• What you will do: Exactly and only the lines from the one with "Giáo viên Trường" through the last line of the records need to be set down; please skip the pictures.
(Beginning of Data supplied)
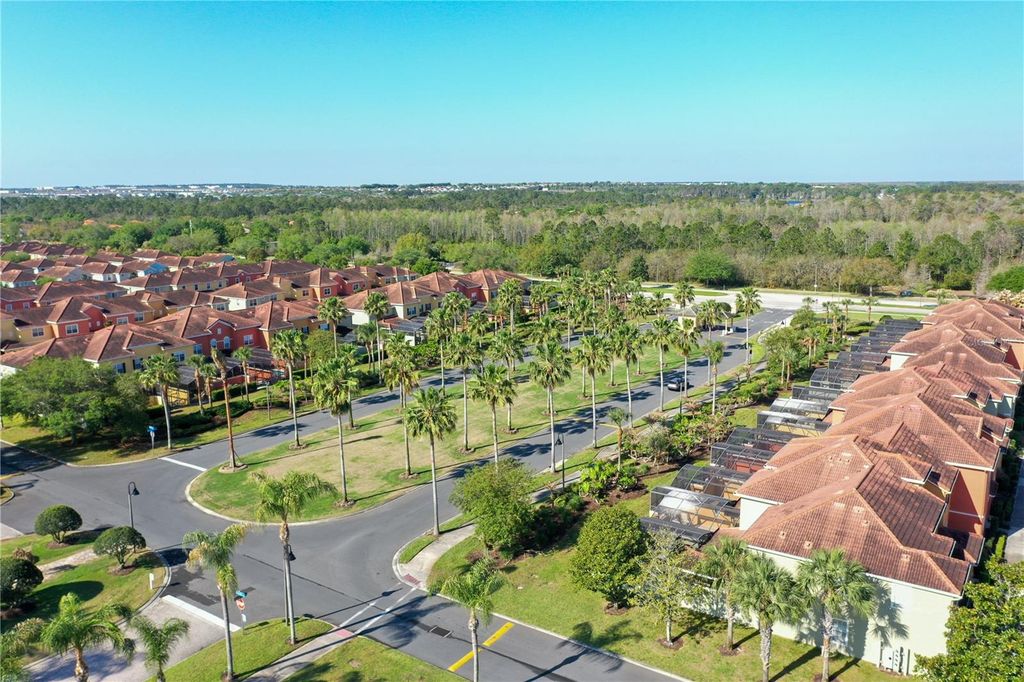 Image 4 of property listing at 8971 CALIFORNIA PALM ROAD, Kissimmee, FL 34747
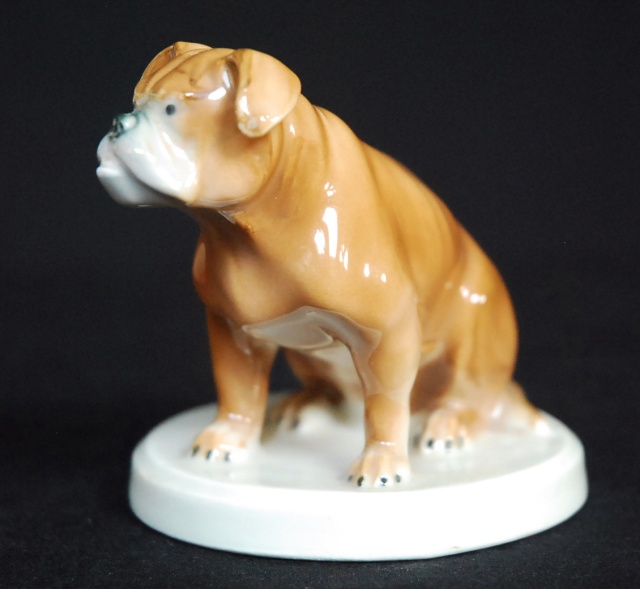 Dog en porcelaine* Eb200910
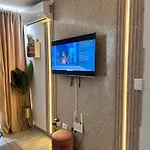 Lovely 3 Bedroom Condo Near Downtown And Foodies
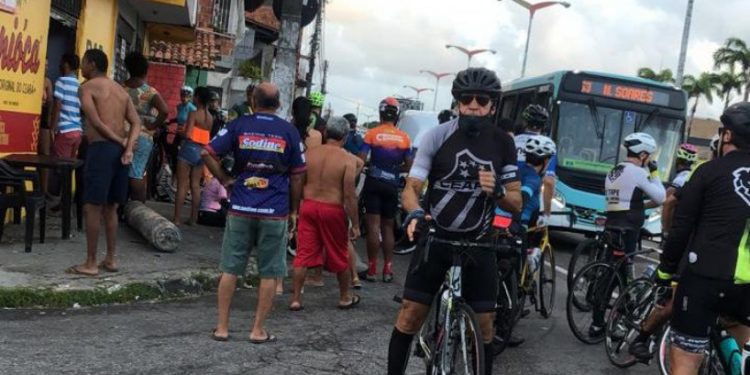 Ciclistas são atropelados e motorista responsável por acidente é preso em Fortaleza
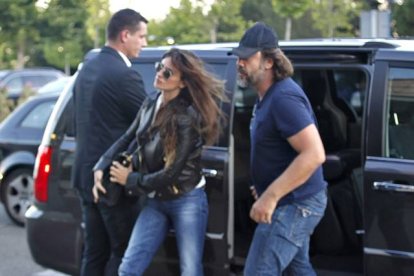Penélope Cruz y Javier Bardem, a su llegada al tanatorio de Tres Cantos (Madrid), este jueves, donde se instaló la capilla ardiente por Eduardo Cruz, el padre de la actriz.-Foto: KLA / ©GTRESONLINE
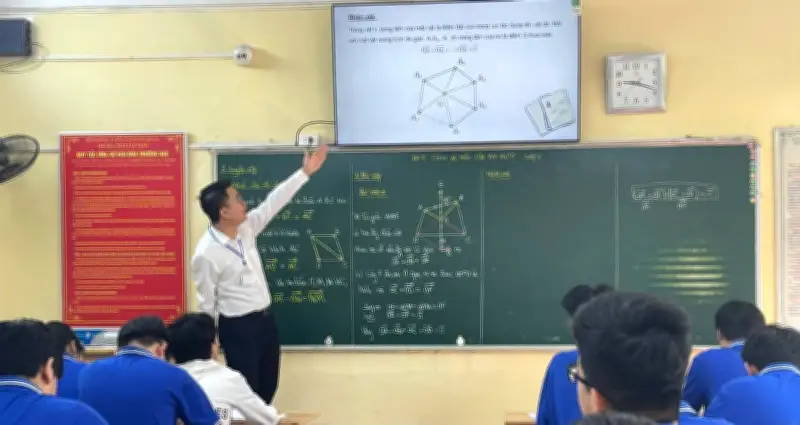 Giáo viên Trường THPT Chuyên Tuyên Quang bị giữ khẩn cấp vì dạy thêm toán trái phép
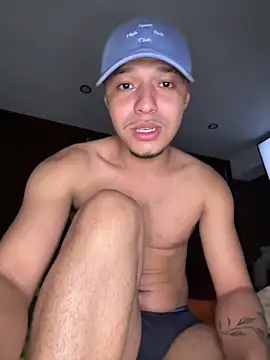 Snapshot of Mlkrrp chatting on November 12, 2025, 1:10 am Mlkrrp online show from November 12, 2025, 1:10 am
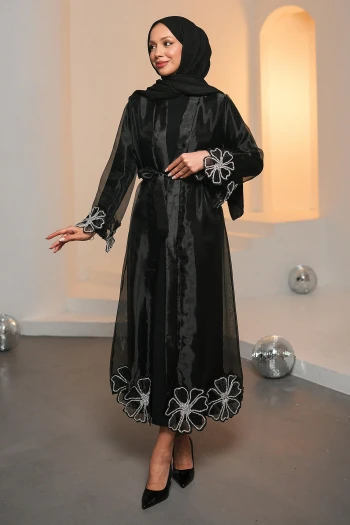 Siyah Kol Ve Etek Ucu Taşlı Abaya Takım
(End of Data supplied)
• Worked solution:
 Giáo viên Trường THPT Chuyên Tuyên Quang bị giữ khẩn cấp vì dạy thêm toán trái phép
 Snapshot of Mlkrrp chatting on November 12, 2025, 1:10 am Mlkrrp online show from November 12, 2025, 1:10 am
 Siyah Kol Ve Etek Ucu Taşlı Abaya Takım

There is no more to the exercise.